Wood wrote that Barnard was "protected by the king" (May 1686), "for what he should do or omit." In May 1686, James II lifted from Obadiah Walker, Master of University College, Barnard and others their obligations to attend religious services. It followed the events of Easter Day (4 April) that year, when Walker, Barnard, and Walker's "disciples" Nathaniel Boys and Thomas Deane (1651–1735) (both of University College) refused the sacrament. Robert Beddard calls Barnard a "devotee" of Walker.
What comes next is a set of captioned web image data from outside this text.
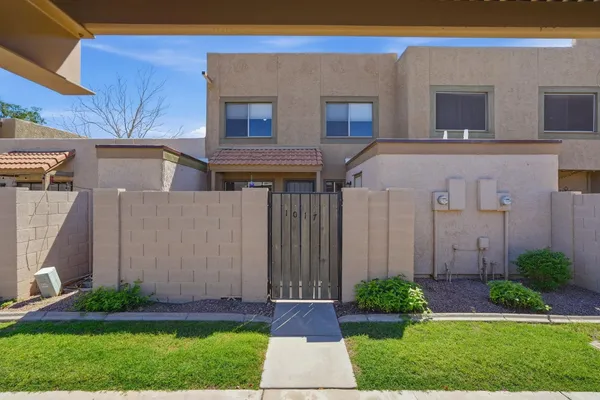 $1,550 | 1017 East Redfield Road, Tempe, AZ 85283
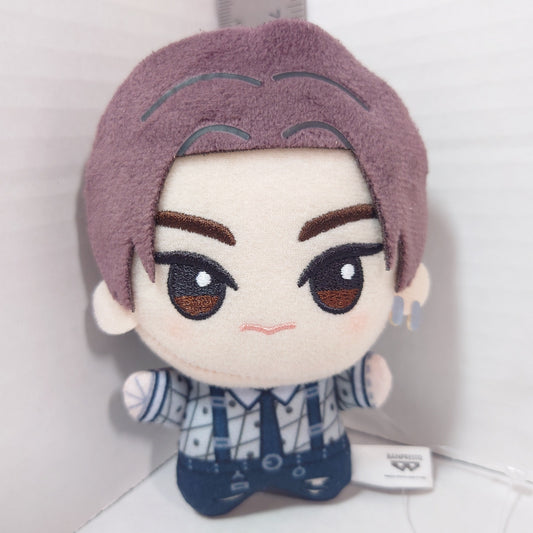 Jungwon Enhypen Drunk-Dazed Chibigurumi Plush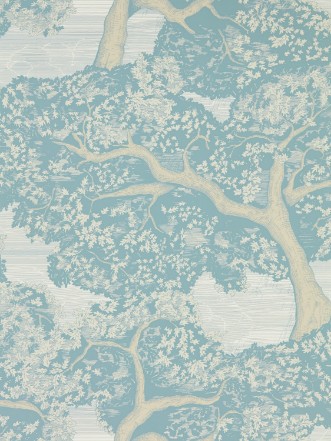 Picture of Eternal Oak Skyblue/First Light - HC4W113023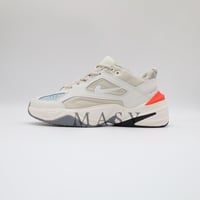 Nike M2K Phantom orange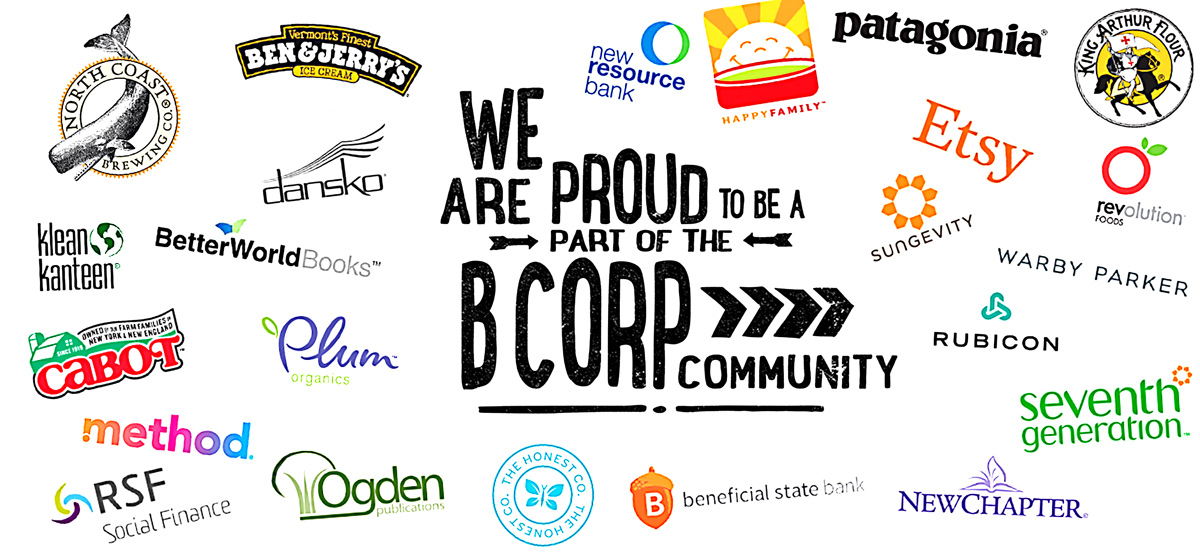 The UK B Corporation Movement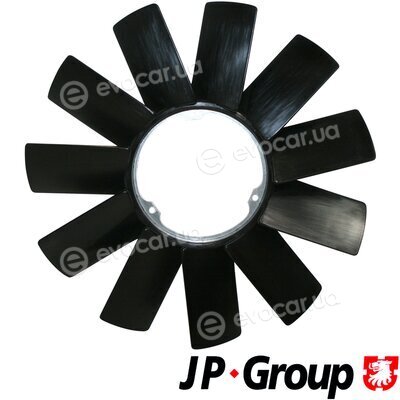 JP Group 1414900800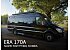 2014 Winnebago ERA 170A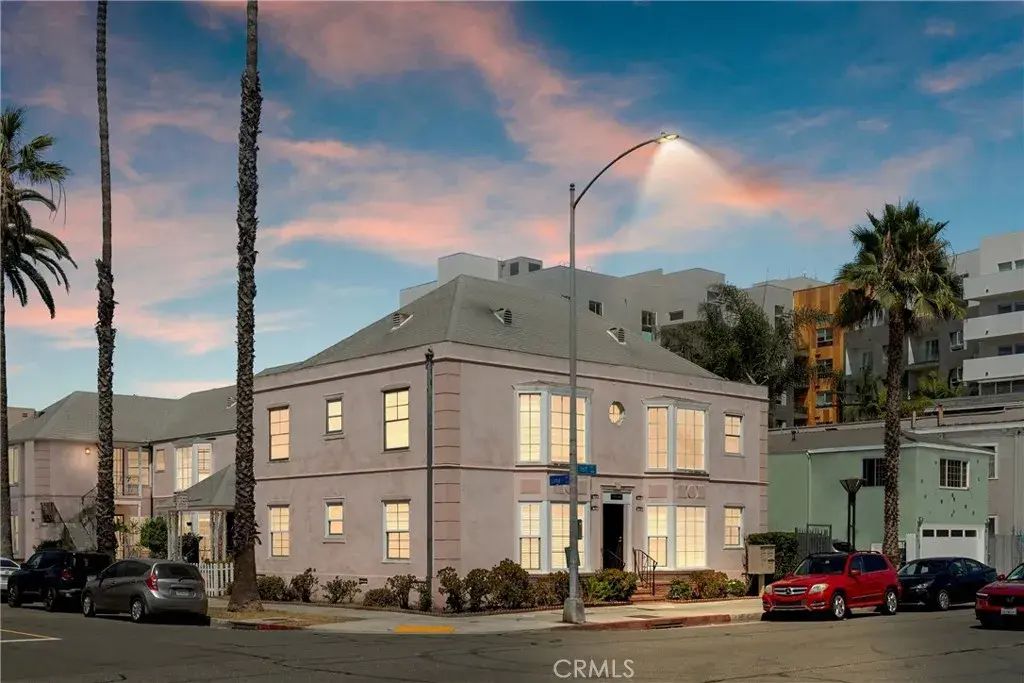 102 Lime Avenue 7, Long Beach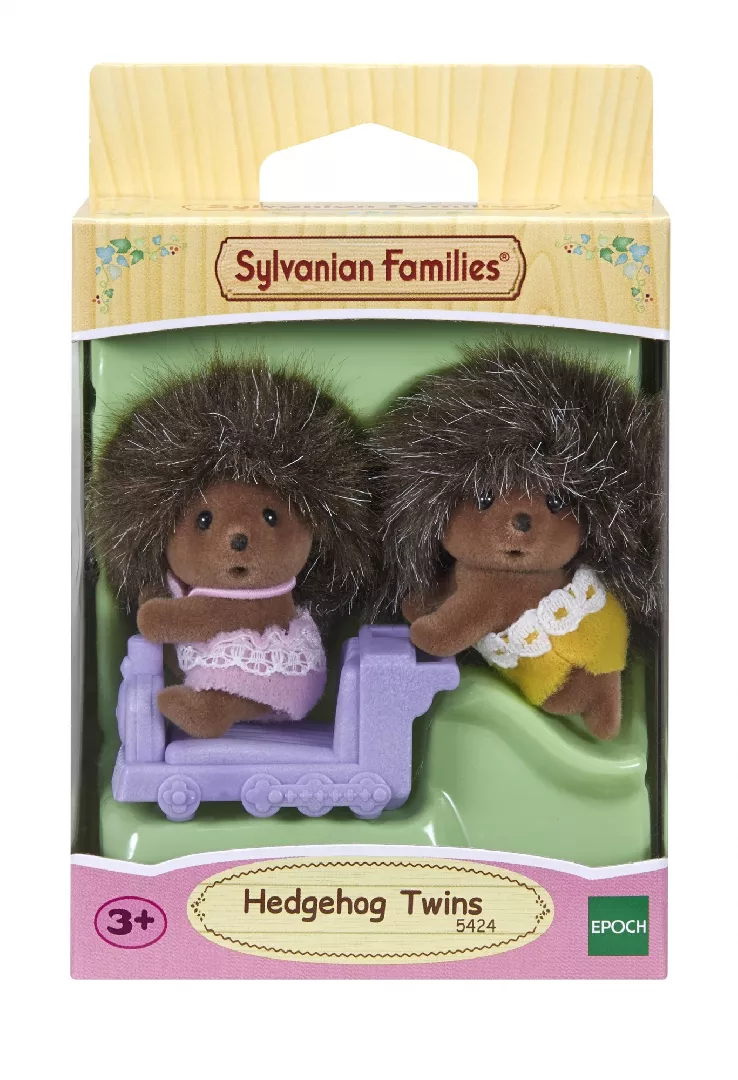 Sylvanian Families 5424 lelle 5424 EPO-5424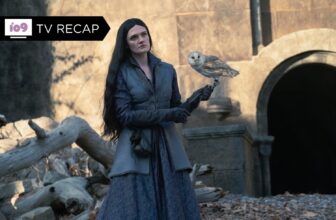 Sizzling Rattling, That Was a Spicy Home of the Dragon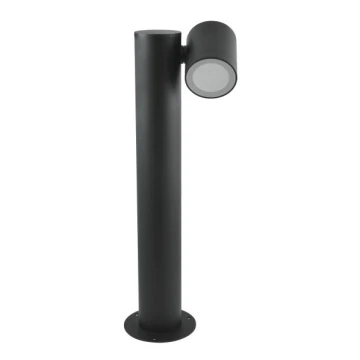 Āra lampa PINO 1xGU10/10W/230V IP44 44 cm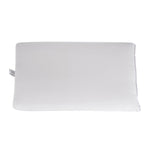 Soothing Natural Aloe Vera Infused Cotton Pillow With Super Microfibre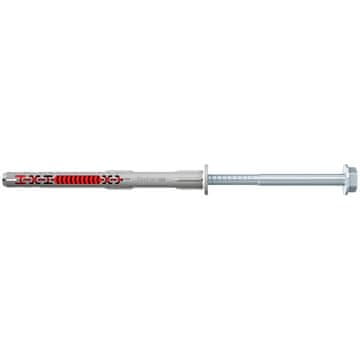 Fischer Fischer 562168 razteznI zidni vložek 50 kosov, 100 mm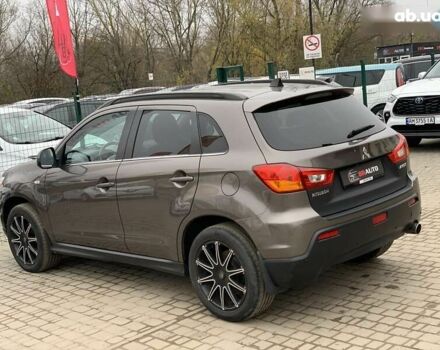 Міцубісі АСХ, об'ємом двигуна 1.8 л та пробігом 202 тис. км за 11755 $, фото 18 на Automoto.ua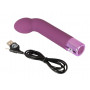 Vaginal vibrator G-Spot Vibe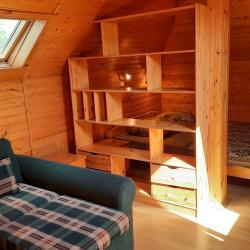 5 спальный коттедж 250 кв. м.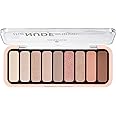 Essence The NUDE Edition Eyeshadow Palette 10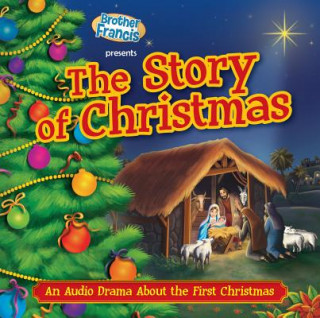 STORY OF XMAS                D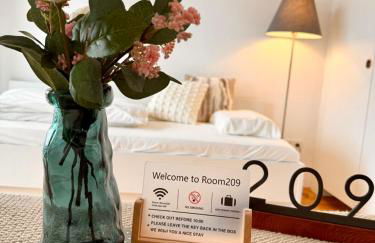 Entire apartment next to exhibition and Messe - Foto 3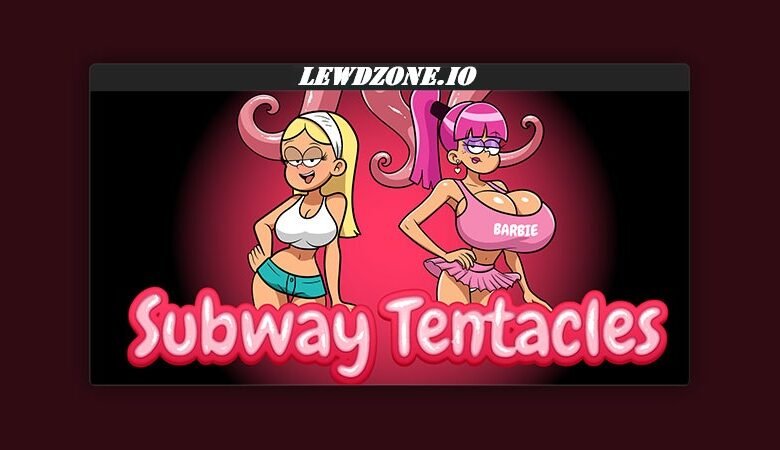 Subway Tentacles Download Free (v0.8.3) of Redsky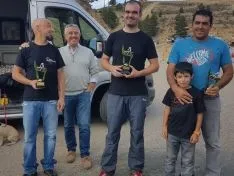 Enduro de Resistencia Trofeo San Leonardo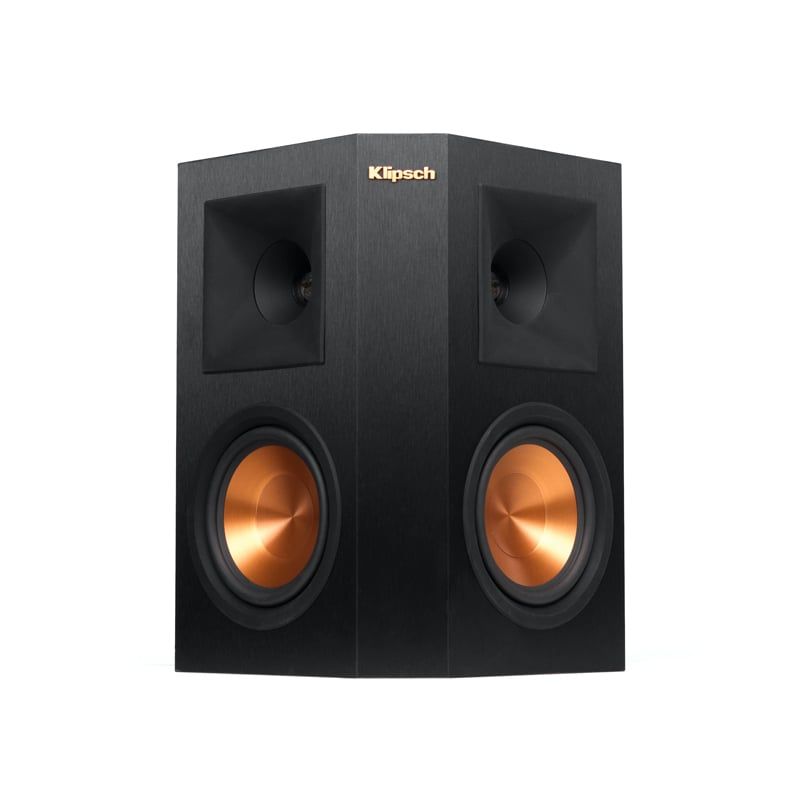 Loa bookshelf Klipsch RP-250S chính hãng - Hình 3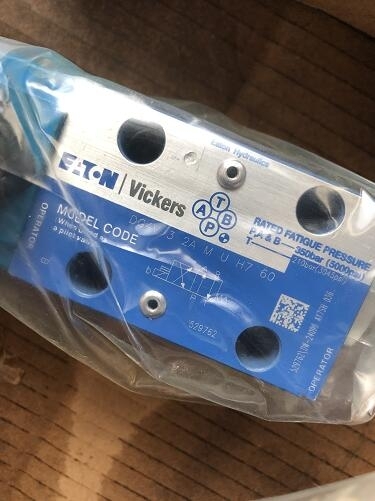 新余市VICKERS威格士2520V21A12-1DD22R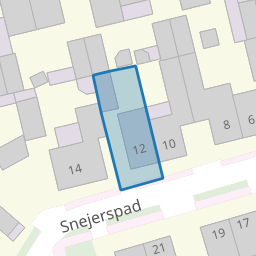 Perceel VLB00-I-1093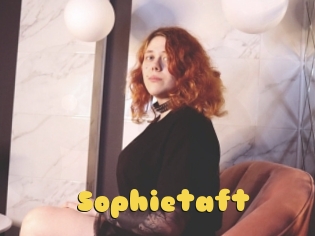 Sophietaft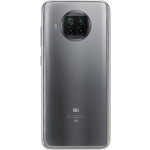 Vivid Διάφανη Θήκη Σιλικόνης Gelly Xiaomi Mi 10T Lite - Transparent (VIGELLY156TN)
In January 1687 James II mandated that Barnard should become White Reader in Moral Philosophy. The position, from 1673, had been treated as a sinecure, held by one of the proctors of the university. Barnard succeeded John Halton of Queen's College, who had become proctor in 1681. Beddard says Halton's retirement was statutory; it was after the usual tenure of five years. On 28 March 1687 Barnard was elected and admitted as White Reader.

In October 1688 Barnard left the university, and shortly sent in his resignation of his fellowship at Brasenose, anticipating the Glorious Revolution. He resigned the White Readership on 5 January 1689.

==Later life==
Barnard was with James II during the Williamite War in Ireland when the deposed king landed there; on the account of Anthony Wood, James "talk'd familiarly with him". In September 1690 he returned from Ireland and arrived destitute in Chester. He was reconciled to the church of England, "as 'tis said",’ and was "maintain'd with dole for some time by the Bishop of Chester" (Nicholas Stratford). He then went to London.

James Gardiner, who was Barnard's godfather, was from 1695 Bishop of Lincoln. He presented Barnard to the rectory of Ludford Parva in 1701, and to the vicarage of Kelstern in 1702. In financial difficulties, he appealed for help to William Wake, Gardiner's successor in 1708. A pamphlet attack on Protestant views saw him excommunicated, and the details of the end of his life are opaque.

==Works==
Barnard published:

- A new edition of the Geographical Dictionary of Edmund Bohun (1693, folio). It was prefaced by an essay on the work of Louis Moréri, A Reflection upon the Grand Dictionary Historique, or the Great Historical Dictionary of Lewis Morery, D.D., printed at Utrecht 1692.
- A translation (1695) as The Political Last Testament of Monsieur John Baptist Colbert of La vie de Jean-Baptiste Colbert by Gatien de Courtilz de Sandras.
- A compilation Lives of the Roman Emperors (1698, 2 vol.) translated from classical sources.